=== DATASET RECORDS ===
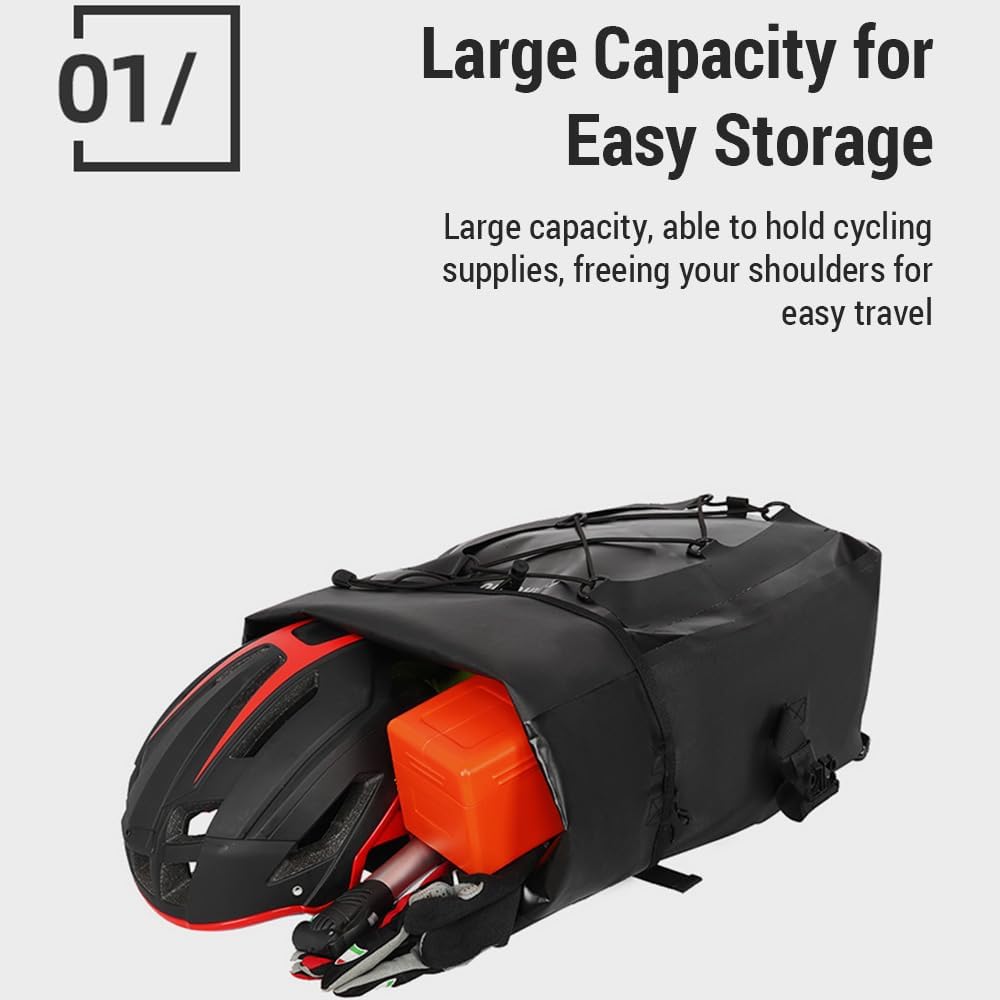 32L Waterproof Bike Pannier Bag N86297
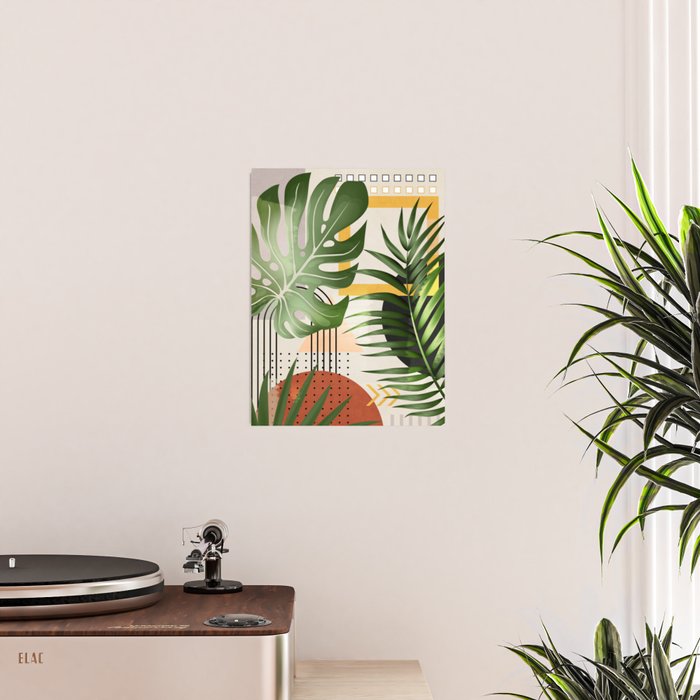 Nature Geometry XVIII Poster Gallery Image 2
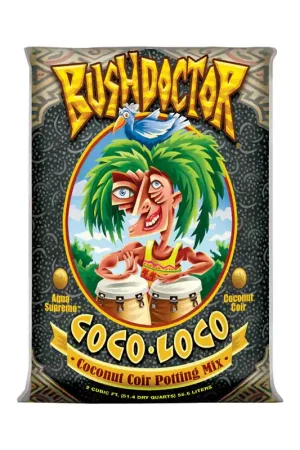 FoxFarm BushDoctor Organic All Purpose Coco Coir Potting Mix 2 cu ft Big Sale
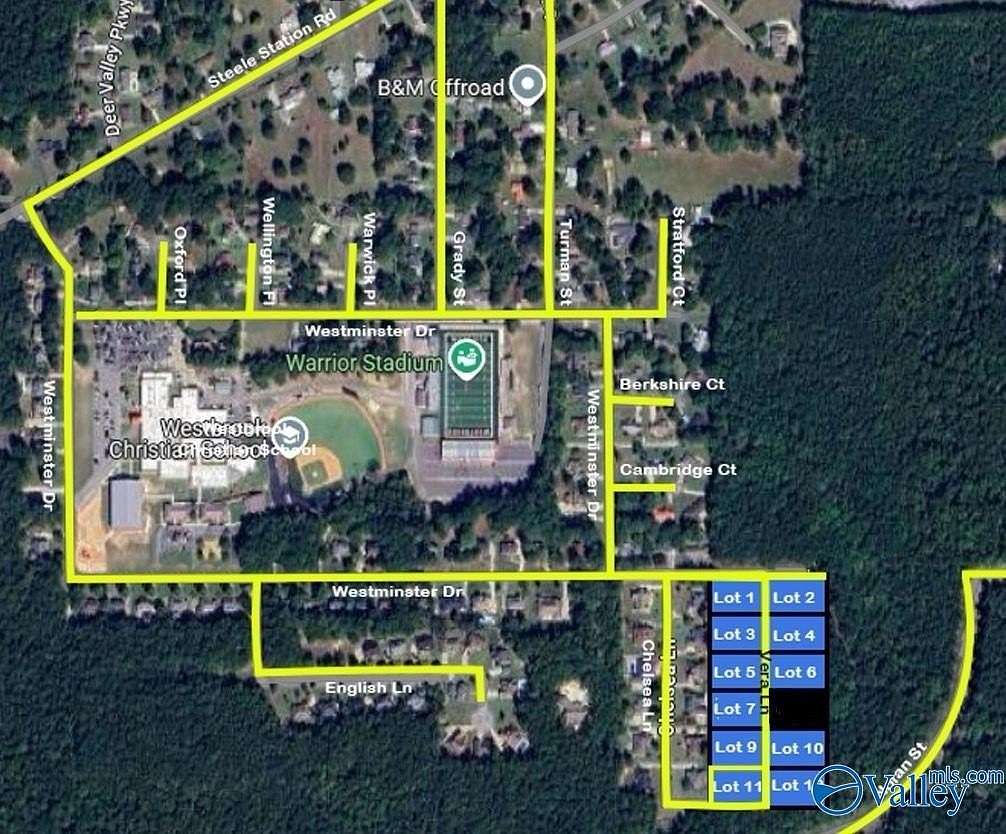 0.4 Acres of Land for Sale in Rainbow City, Alabama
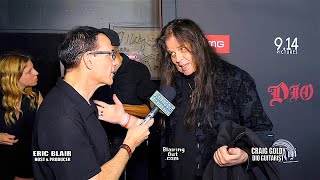 DIO Guitarist CRAIG GOLDY &amp; ERIC BLAIR talk DIO&#39;s Kindness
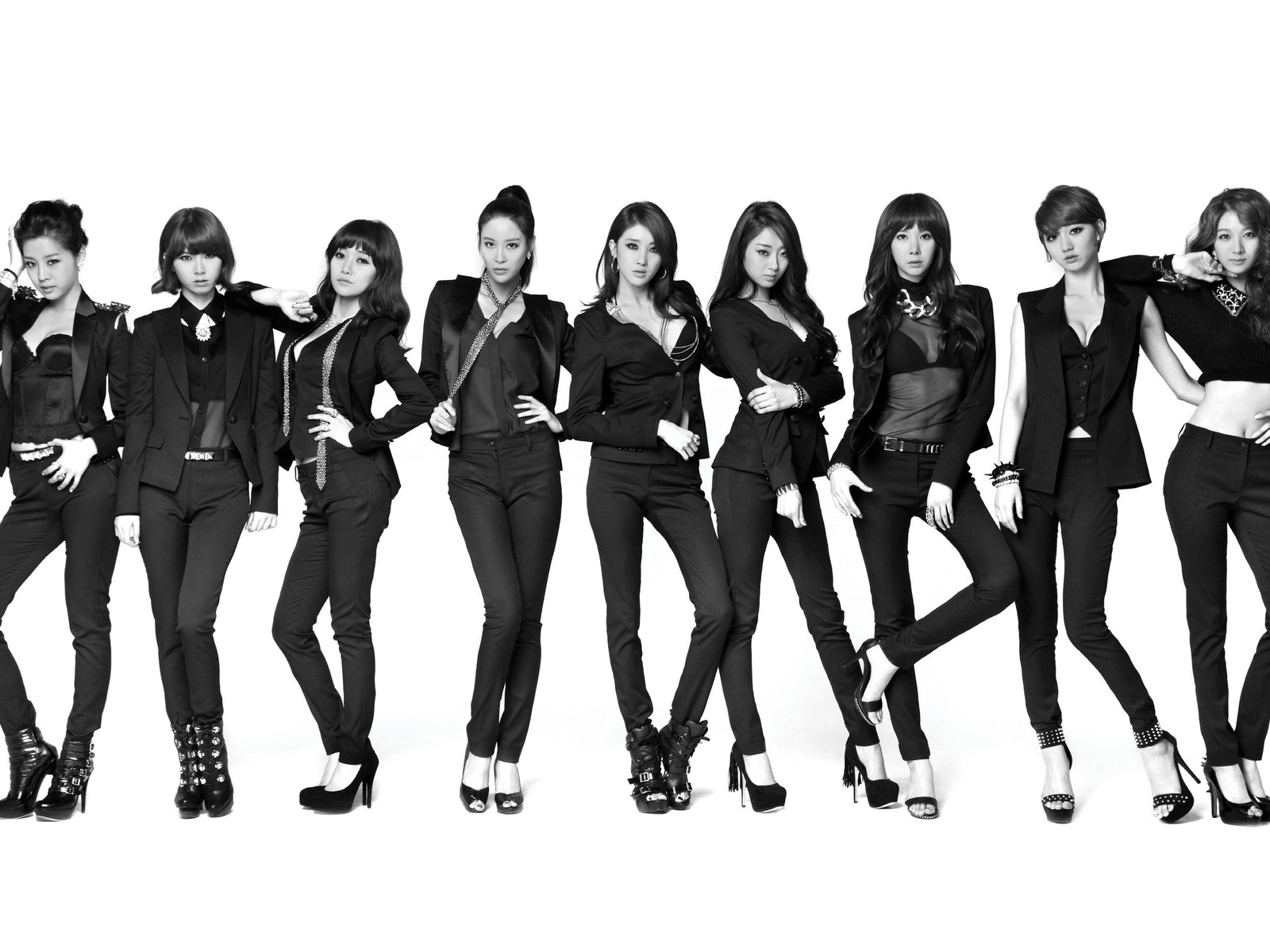 El grupo femenino de Corea wallpapers Nine Muses HD #5 - 1600x1200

=== EXERCISE AIM ===
Repeat each line of the material exactly, and drop any image it carries.

=== WRITTEN REPLY ===
 32L Waterproof Bike Pannier Bag N86297
 Nature Geometry XVIII Poster Gallery Image 2
 FoxFarm BushDoctor Organic All Purpose Coco Coir Potting Mix 2 cu ft Big Sale
 0.4 Acres of Land for Sale in Rainbow City, Alabama
 DIO Guitarist CRAIG GOLDY &amp; ERIC BLAIR talk DIO&#39;s Kindness
 El grupo femenino de Corea wallpapers Nine Muses HD #5 - 1600x1200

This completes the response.